Despite my rough upbringing, I always kept an optimistic view of the world while growing up. I rolled with the punches thrown my way, but I believe it’s something my Father had a hard time doing. He met many of his challenges with pessimism, distrust, bitterness, and blame. I know my Dad noticed the happiness I carried with me, but I always believed he saw it as weakness.

So why this song? Could it be my Dad was telling me something different?

The song still has a strong, positive message, but it took me a while to come to terms with the true lyrics. It didn’t say what I thought it did. But I also couldn’t discount the message I believe I received from my father, even if it came in a less than traditional way.

The truth is I needed those words. It’s tough when you’re going through life feeling like you aren’t measuring up to some made-up societal standard.

Those words helped me focus on the individual within me. Doing things just like your parents or doing what your parents say isn’t always what is best for you, your family, your society, or for humanity. Because life isn’t just about following instructions or living out the dreams of others. And it certainly isn’t about gaining excess or attaining perfection.

Life is about maintaining balance in a constantly changing world. And that’s okay. The world changing keeps life interesting, and what you’re doing as an individual may be more important than what the rest of the world is doing.

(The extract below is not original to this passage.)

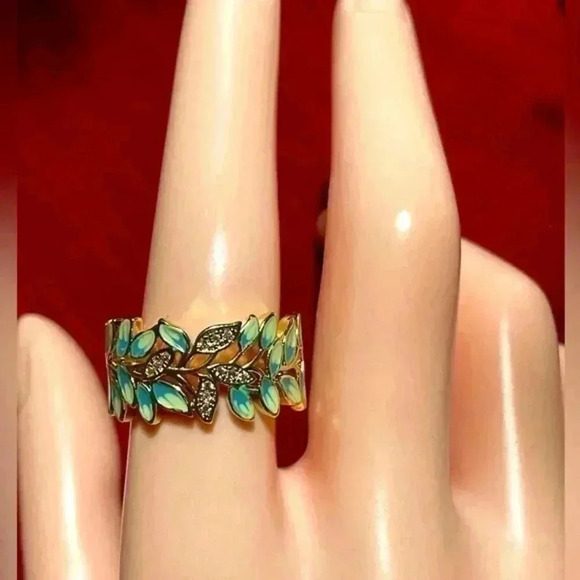 New 18k Yellow Gold Over Sterling Silver White Sapphires Ivy Leaf Band R… - Picture 3 of 6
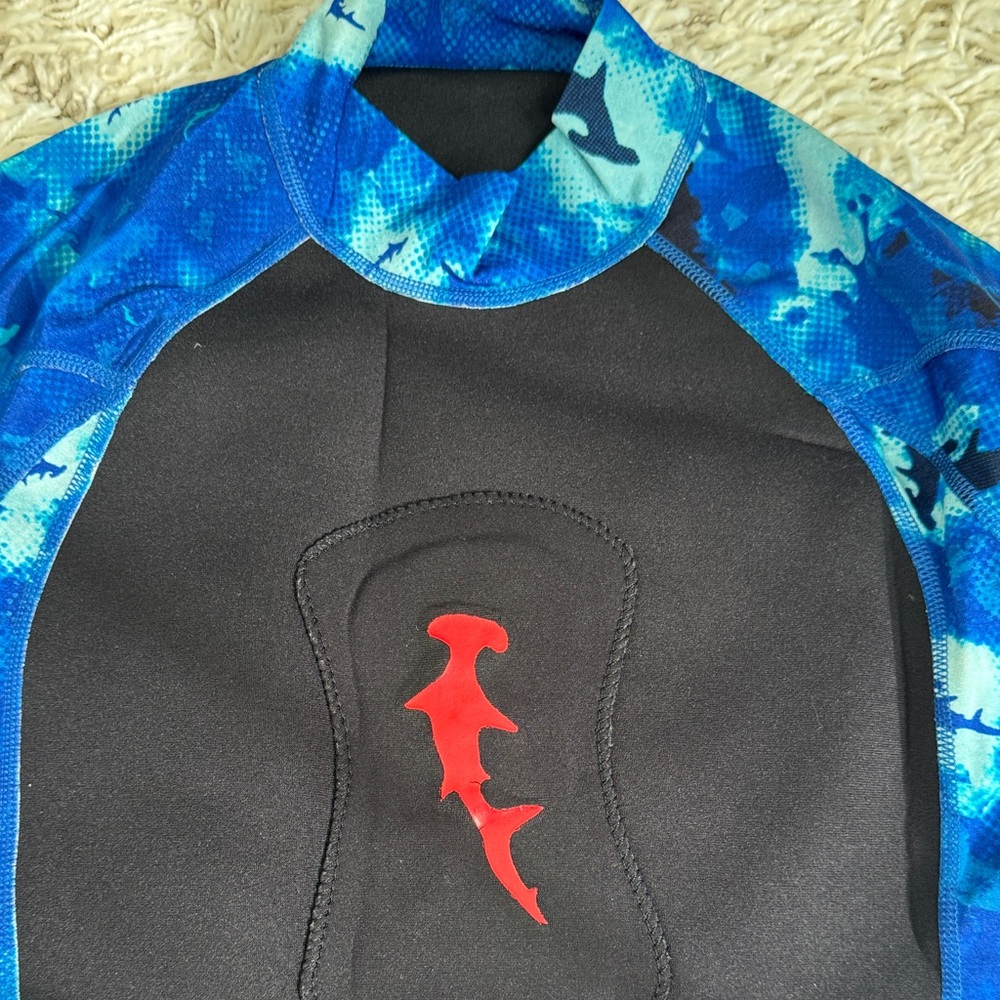 🦈 Kids Swim Rashguard - Picture 2 of 8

A person isn’t always lucky enough to get the encouragement they need at the right time, from the right person, in the right manner. But I have accepted the message I received through that song over those two and a half years.

Some may disagree, but is acceptance really that hard?

This may not be the right time. I may not be the right person. And this might not be the right manner, but let me tell you what my father told me after he died.

It’s okay to look at the brighter side of things. Endure what you must, but continue on, and one day, all your efforts will flower.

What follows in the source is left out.